As the evacuation began to wind down, another media briefing was on the horizon. We had made it clear that we expected the evacuation to take more than eight hours and figured a second briefing would be in order around 3 p.m. This would include the hospital’s executive staff, me, and city leaders including the mayor, who had been steadfastly supportive of our decisions and had been with us throughout the day.
When the evacuation was complete, we had transported 172 patients using more than 91 ambulances and calling 10 alarms, which brought 26 pieces of structural apparatus and their crews, two state rehab units, and an incident support unit (a mobile command post). No firefighters or patients suffered any injuries throughout the entire operation. Two patients, one in labor and one with active chest pain, threw us a few curveballs, but our incredible professionals swiftly took care of them.

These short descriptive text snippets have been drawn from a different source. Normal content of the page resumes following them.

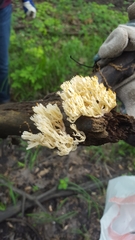Artomyces pyxidatus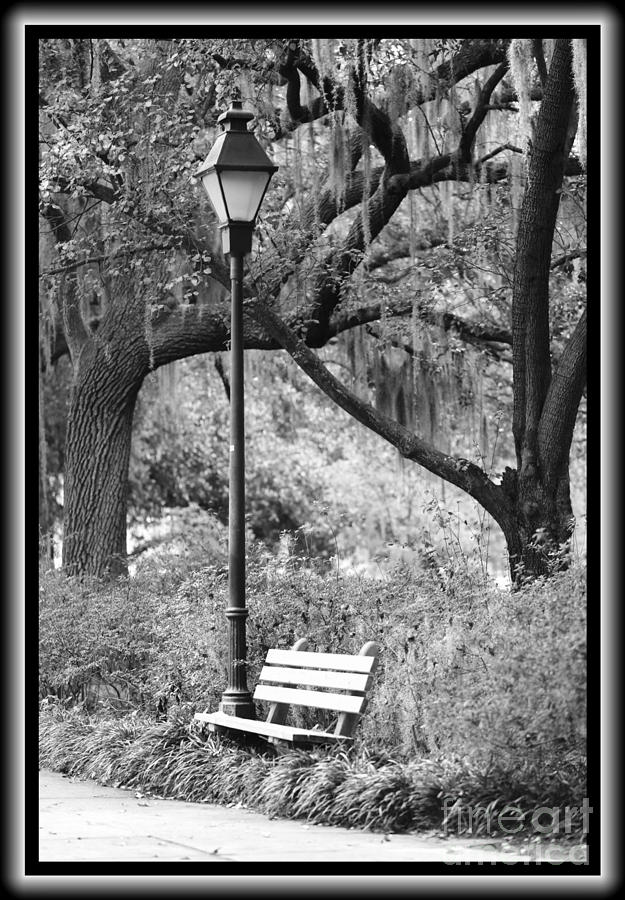 Black And White Photograph - Savannah Afternoon - Black and White by Carol Groenen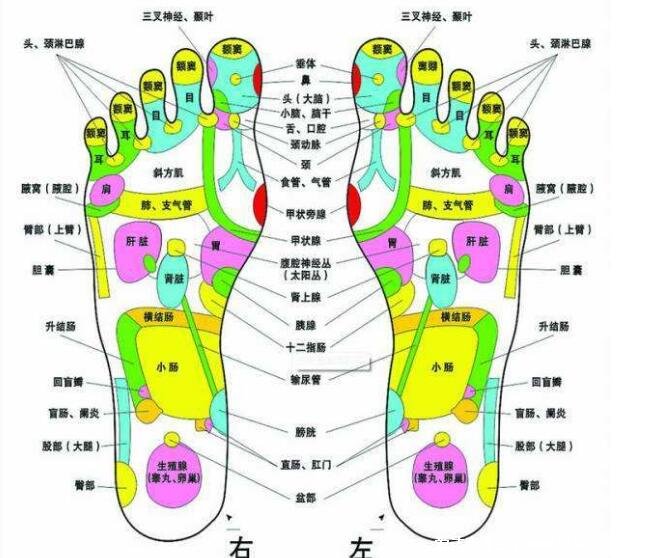 脚底按摩图反射区图片，按摩大脑反射区可治疗头痛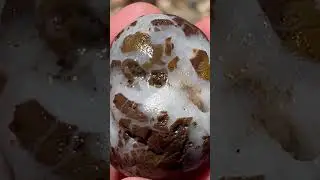 Awesome piece of Jasper. #jasper #beach #quartz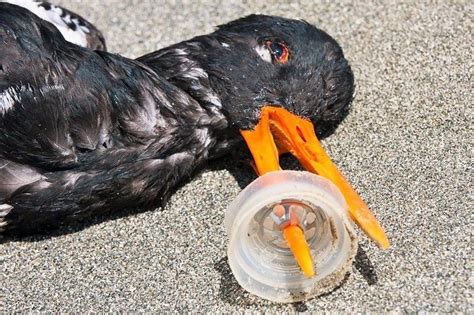 aware  trash affects  entire planet including wildlife eco plastic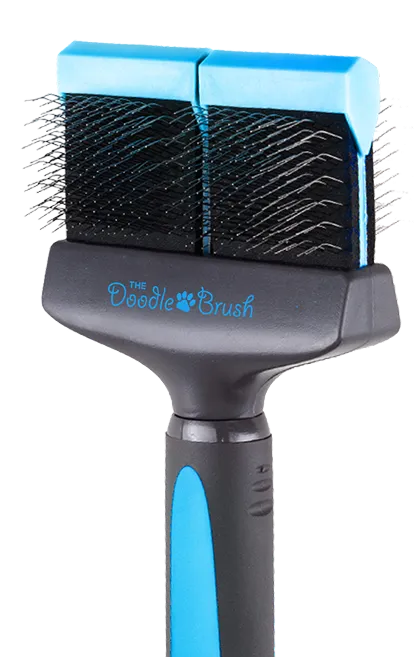 Pet grooming brush with black bristles and blue accents on a white background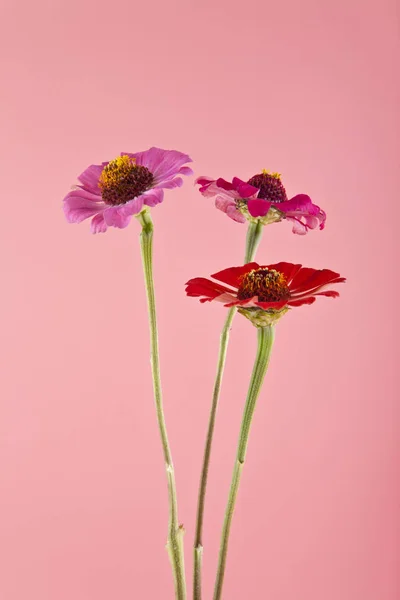 Flores sobre fondo rosa primer plano — Foto de Stock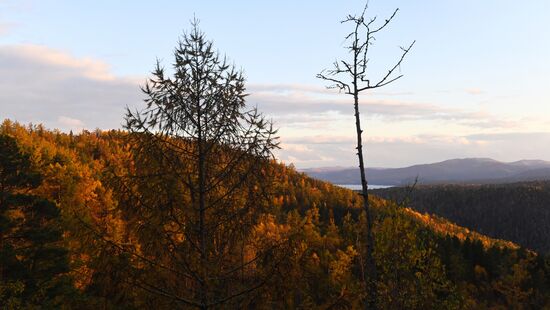 Russia Environment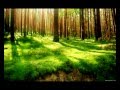 Namaste Gayatri Mantra Эта мантра молитва Богу с просьбой ...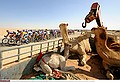 Cycling : 8th Tour of Qatar / Stage 2Illustratie Illustration / Peleton Peloton / Camel Kameel Chameau / Bradley WIGGINS (Gbr) /  Dessert Landscape Paysage Landschap /Khalifa Stadium - Al Khor Corniche (134 Km) / Rit Etape / &copy; Tim De Waele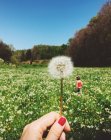 Woman holding a dandelion and her daughter walking in the meadow — Stock Photo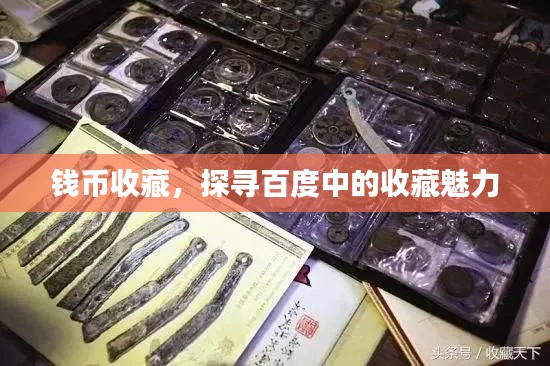錢幣收藏，探尋百度中的收藏魅力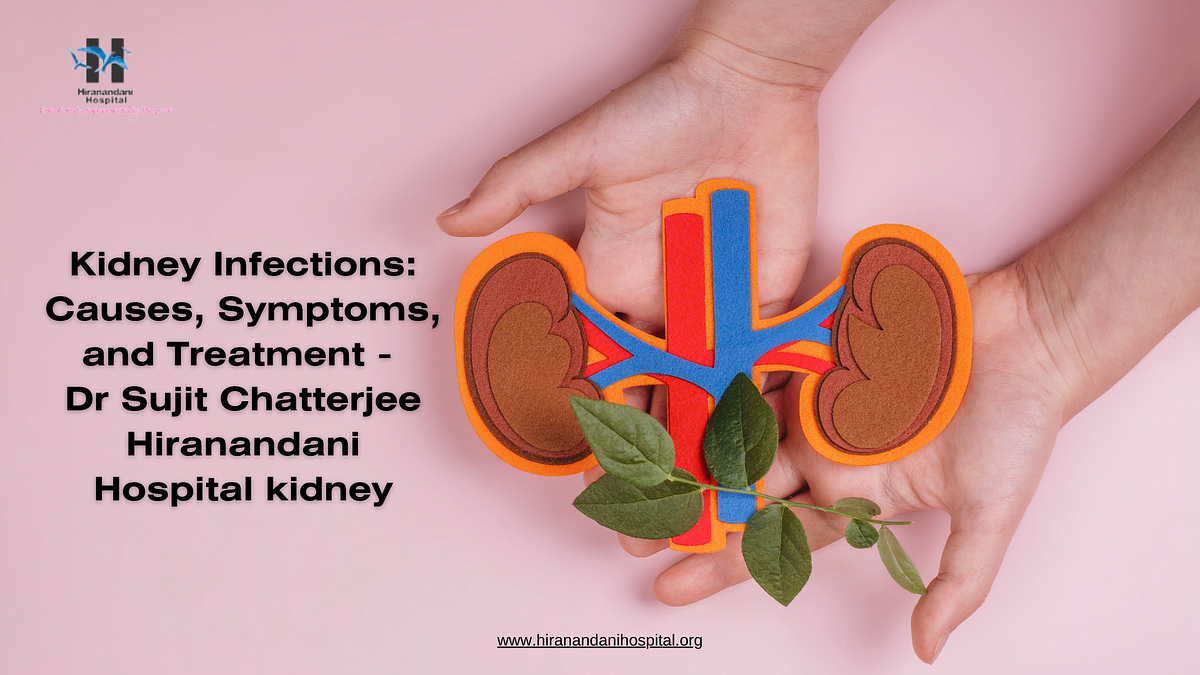 Kidney Infections Causes, Symptoms, and Treatment — Dr Sujit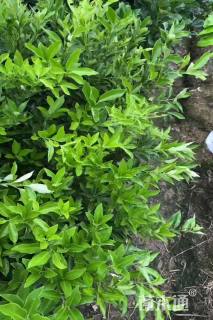 高度50厘米金桔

It is important to close out incidents such as this with a briefing with all members involved. We held a “hot wash” before personnel were demobilized (photo 7).
As the IC at this operation, I can tell you that it was a success because of the great people who were involved in it. Everyone stayed in their lanes and did their jobs: our recruit class that assisted with patient movement, the fire department ambulances that responded from as far as 40 miles away, and the entire command staff. Everyone understood the goal and performed admirably to accomplish it.
BRIAN F. NARDELLI is a 27-year veteran and chief of the Brockton (MA) Fire Department, where he started as firefighter. He has taught fire and emergency medical services personnel for more than 30 years and is an adjunct instructor for the Massachusetts State Fire Academy, teaching strategy and tactics, engine company operations, and command and control.